O culminar de todo o processo foi a entrega do Prémio Victor Nunes da Leal, atribuído pela Associação Brasileira de Ciência Política a um júri de especialistas para o melhor livro científico na área de ciência política e relações internacionais do biénio 2010-2012 .

Reconhecidos os méritos de De Dutra e Lula - bem como as qualidades de seu autor como pesquisador e escritor - talvez seja o momento de avaliar mais criticamente seu conteúdo e prováveis ​​implicações para o campo de estudos. Política Externa Brasileira (PEB). Não há intenção aqui de repetir resenhas anteriores do livro (principalmente honestamente positivas). Ao contrário, esta revisão pretende discutir alguns pontos que, até onde pudemos rastrear, ainda não foram devidamente explorados pela academia.

Recapitulando: De Dutra a Lula é basicamente uma tentativa de capturar as principais forças que moldaram a política externa nos três principais ciclos da política brasileira – o Interregno Democrático (1946-1964), o Regime Militar (1964-1985) e a Nova República (1985-2008 ) - pelo método quantitativo.

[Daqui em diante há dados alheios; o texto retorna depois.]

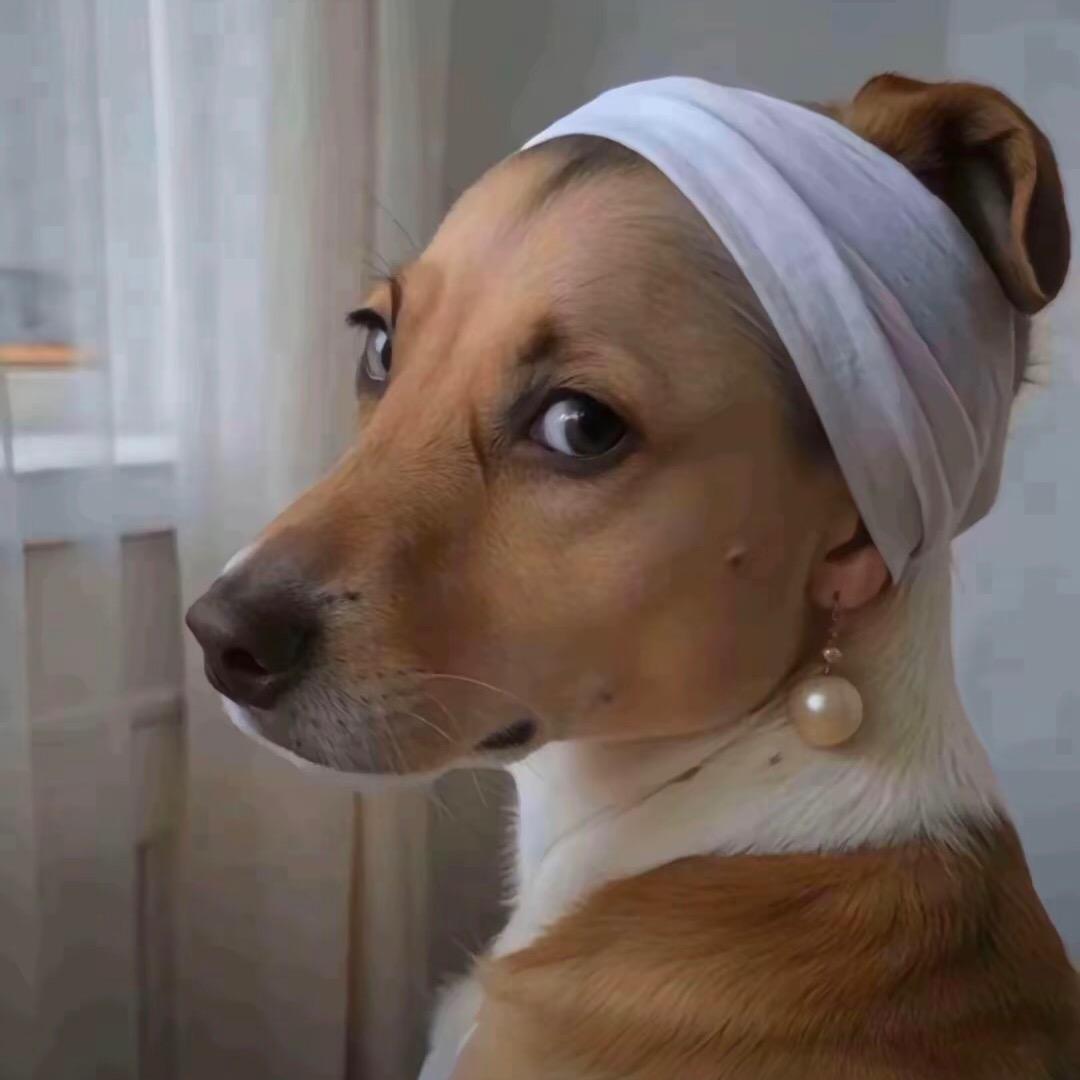 朕玉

No esquema explicativo de inspiração neorrealista, a convergência política entre Brasil e Estados Unidos significaria a capacidade deste país (considerado hegemônico na ordem global) influenciar as ações do primeiro. No entanto, a grande tese deixada por Amorim Neto ao final do esforço argumentativo é que, a partir de dados relativos ao período de 1946 a 2008, ficaria evidente o distanciamento do Brasil das posições assumidas pelos Estados Unidos na política internacional. Num continuum que vai de 1946 a 2008 (veja gráfico na página 69), observa-se uma tendência de convergência cada vez menor entre os votos do Brasil e dos Estados Unidos em diversos assuntos da Assembleia Geral. das Nações Unidas. Disso decorre a conclusão, já colocada ao final do texto, de que:

Desde a segunda metade do século XX, quando a economia brasileira cresceu e se industrializou, a população se expandiu, a sociedade se urbanizou e os gastos militares e o tamanho das forças armadas cresceram, o país foi aos poucos se sentindo em condições de se distanciar de seu grande aliado (p. 171).

A passagem acima serve, intencionalmente ou não, de combustível para todos os que acreditam na existência do "antiamericanismo" na condução da política externa na última década. Essa impressão é reforçada pelo seguinte trecho:

O aumento da participação ministerial da esquerda - ou seja, justamente no centro de gravidade do sistema político brasileiro, o poder executivo - cria excelentes condições políticas para que partidos bem organizados e com fortes preferências de atuação internacional no Brasil mudem a política externa, no sentido de seu distanciamento dos Estados Unidos (p. 175).

No entanto, Amorim Neto admite sua confusão ao perceber que mesmo quando a esquerda estava completamente ausente do poder no país (1964-1985), a distância entre o Brasil e os Estados Unidos continuou a aumentar. O autor levanta então uma hipótese auxiliar ad hoc: a proximidade fática das agendas diplomáticas da esquerda e da direita durante a ditadura militar pode ter sido o que levou à suspensão temporária da lógica delineada no parágrafo anterior.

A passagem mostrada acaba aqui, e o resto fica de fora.